'''

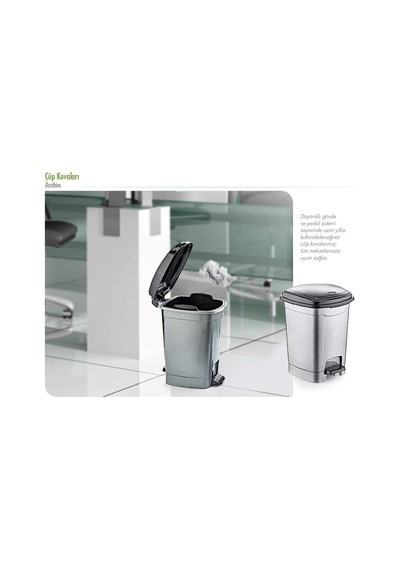 Polytime Pedallı Basmalı Çöp Kutusu Kovası/çıkarılabilir İç Kovalı/gri / 22 Litre / 42x30x30 Cm Genel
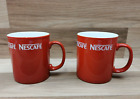 2 x Vintage Red NESCAFE Mugs Cup Advertising England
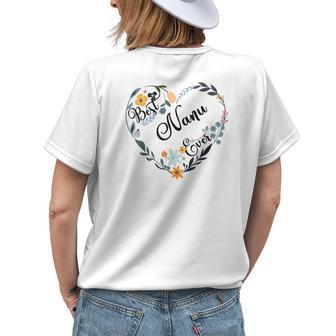 Best Nanu Ever Heart Flower Blessed Grandma Mothers Day Womens Back Print T-shirt - Seseable
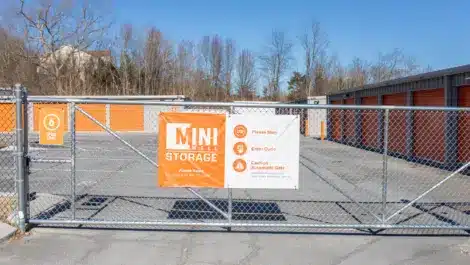 Gate signage of secure self storage facility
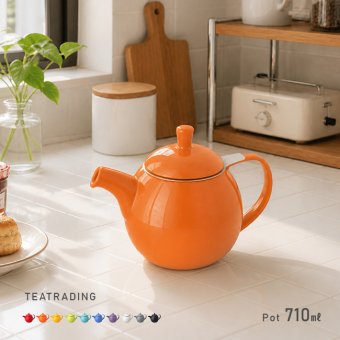 TEATRADING カーヴ ティーポット[お茶 ポット 耐熱 食洗機で洗える 陶器 食洗機対応 電子レンジ対応 丸い 紅茶ポット 紅茶 急須 ストレーナー付き 茶こし ティーサーバー おしゃれ かわいい 北欧 韓国 デザイン 茶こし付き]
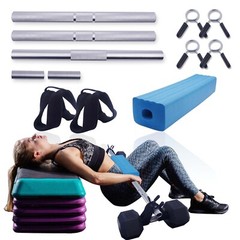 Dumbbell Hip Thrusts Training Bar Set 48in Bar Deadlift Home Workout Equipment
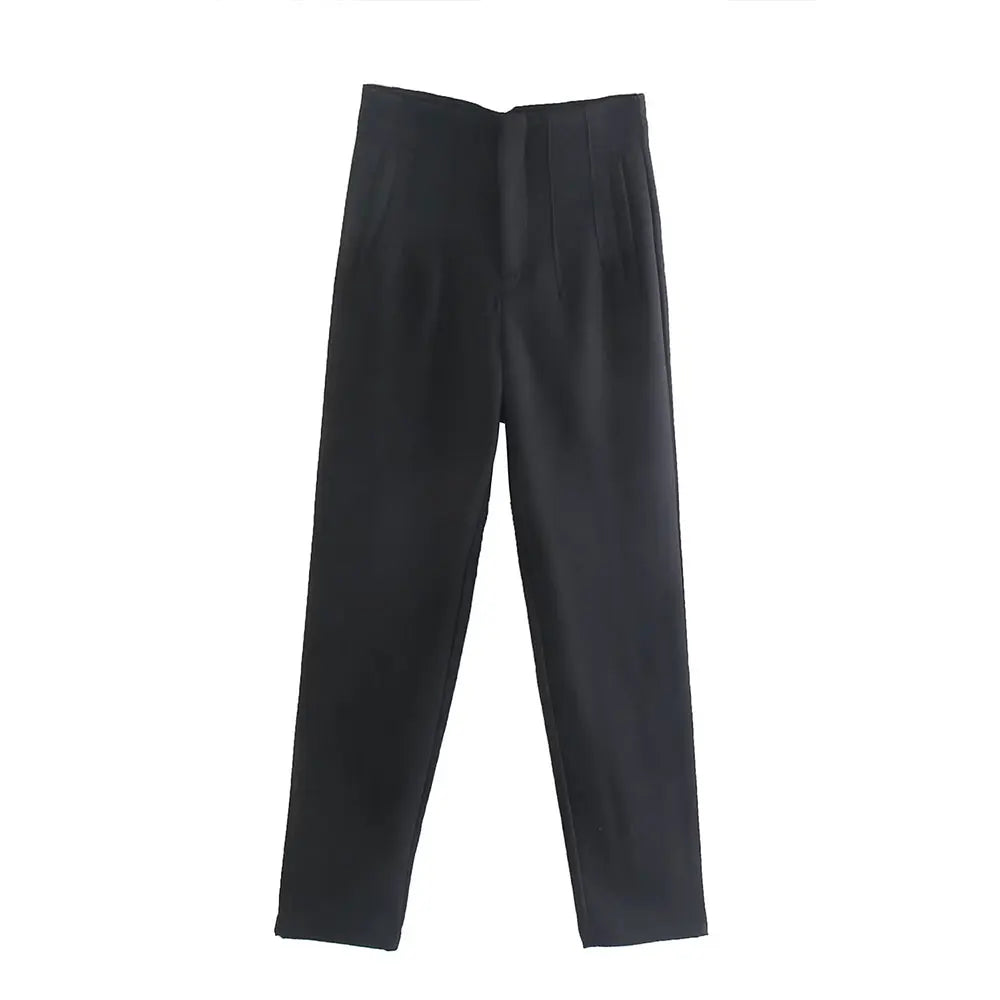 Pantalón de tiro alto básico en colores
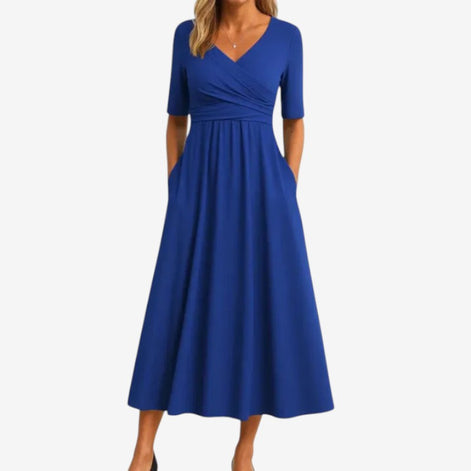Norvella Kleid – Damen Kleid mit V-Ausschnitt, kurzen Ärmeln und Polyester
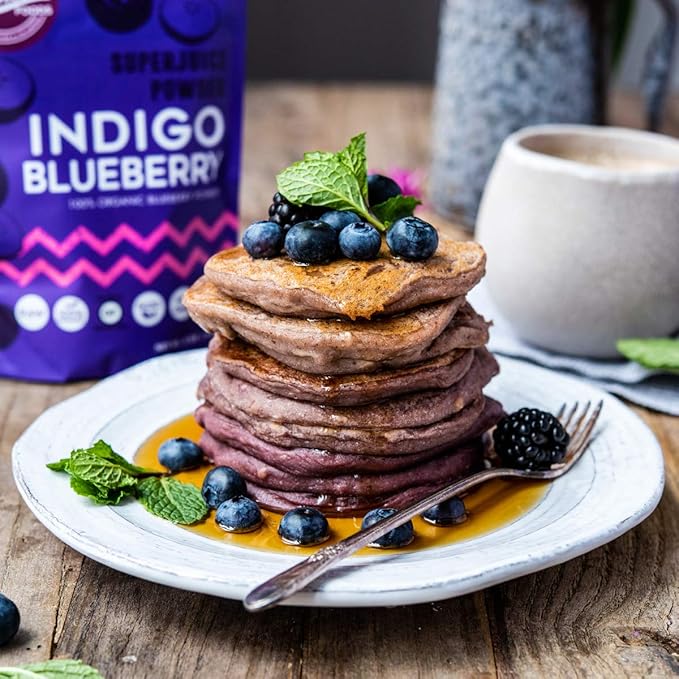 Suncore Foods Organic Indigo Blueberry Powder, Purple Food Coloring Powder, Gluten-Free, Non-GMO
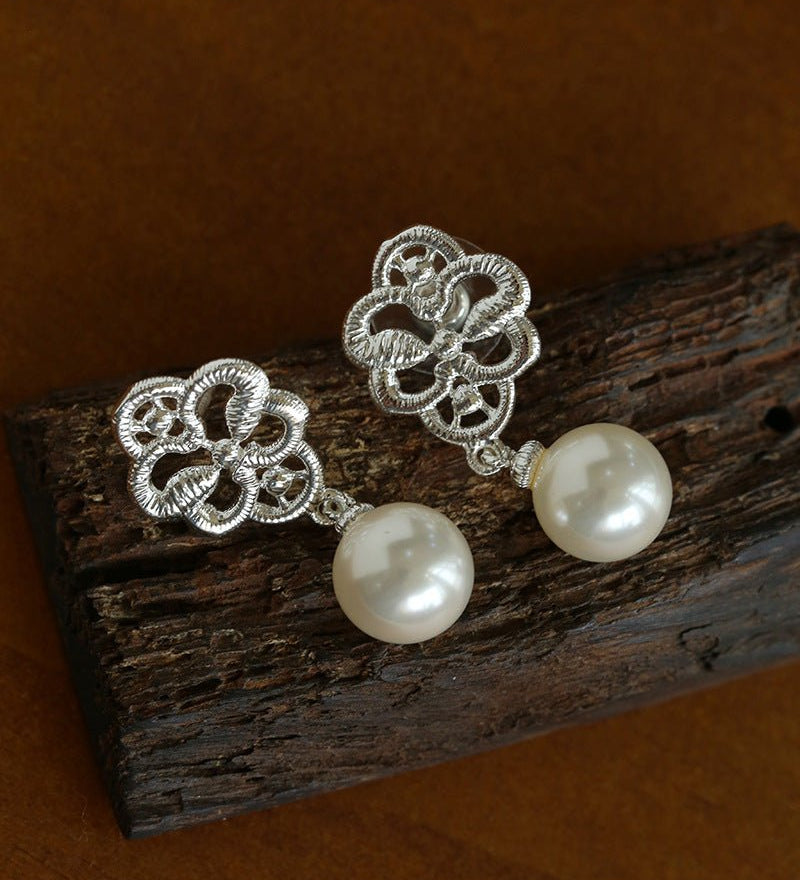 Whisper of Lace Bridal Pearl Earrings - Silver - floysun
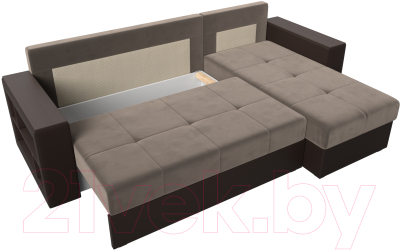 Диван угловой Лига Диванов Дубай лайт правый / 114156 (велюр коричневый/экокожа коричневый)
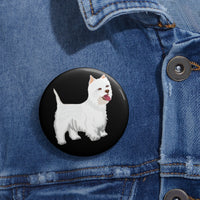 West Highland White Terrier Custom Pin Buttons, 3 Sizes, Safety Pin Backing, FREE Shipping, Made in USA!!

'''

Problem description:
Your task is to repeat only the lines from the line containing "Suncore Foods Organic" through the final line of the material, inclusive; do not include pictures.

Result of the exercise:
 Suncore Foods Organic Indigo Blueberry Powder, Purple Food Coloring Powder, Gluten-Free, Non-GMO
 Whisper of Lace Bridal Pearl Earrings - Silver - floysun
 Диван угловой Лига Диванов Дубай лайт правый / 114156 (велюр коричневый/экокожа коричневый)
 West Highland White Terrier Custom Pin Buttons, 3 Sizes, Safety Pin Backing, FREE Shipping, Made in USA!!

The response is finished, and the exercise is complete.